> What you have to do
Since pictures are not part of the copy, please output only the lines from the one with "Wewnętrzna ogranizacja" through the end of the data below, exactly as written.

[Collected data entries]

○ ○ ○ ○ ○ ○ ○

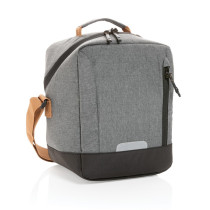 Torba termoizolacyjna Impact AWARE™ rPET Urban z logo firmy w LazyStore!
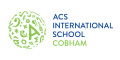 ACS Cobham International School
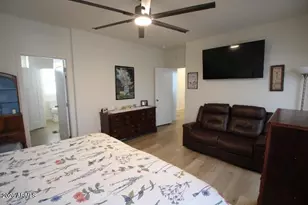 1820 N Thornton Rd, Casa Grande, AZ 85122 - Photo 13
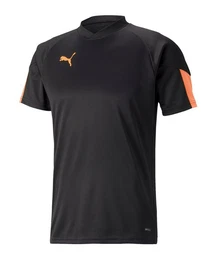 T-Shirt individualFINAL Trikot default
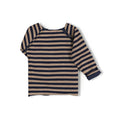 Load image into Gallery viewer, Misha & Puff - Scout Cardigan (18M-6Y)
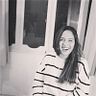 Claudia Maziel Urteaga Murgueytio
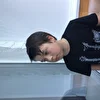 Егор Хохлов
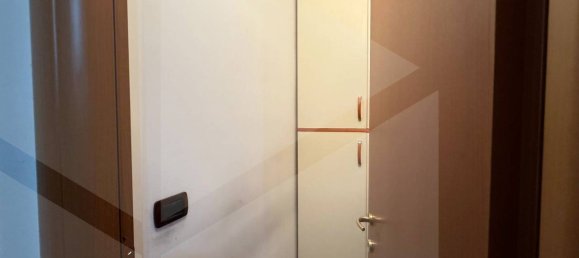 3 rooms Apartment in Avezzano, Italy No. 21733 49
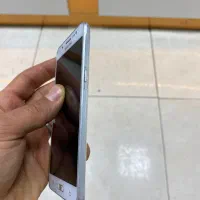 گوشی j5 در حد 2016|موبایل|قوچان, |دیوار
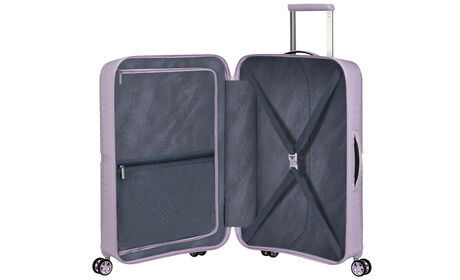 Wewnętrzna ogranizacja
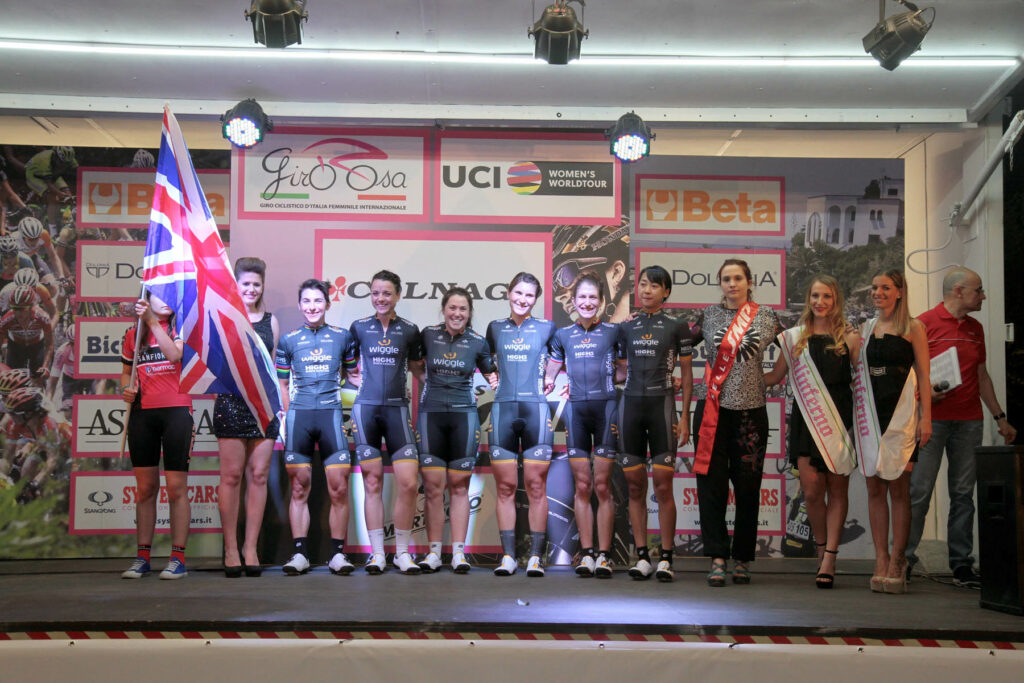 2016-06-30_Ciclismo_Presentazione_Giro_Rosa_80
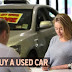 Tips and Tricks to Buy a Used Car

○ ○ ○ ○ ○ ○ ○

> Response to this exercise
 Wewnętrzna ogranizacja
 2016-06-30_Ciclismo_Presentazione_Giro_Rosa_80
 Tips and Tricks to Buy a Used Car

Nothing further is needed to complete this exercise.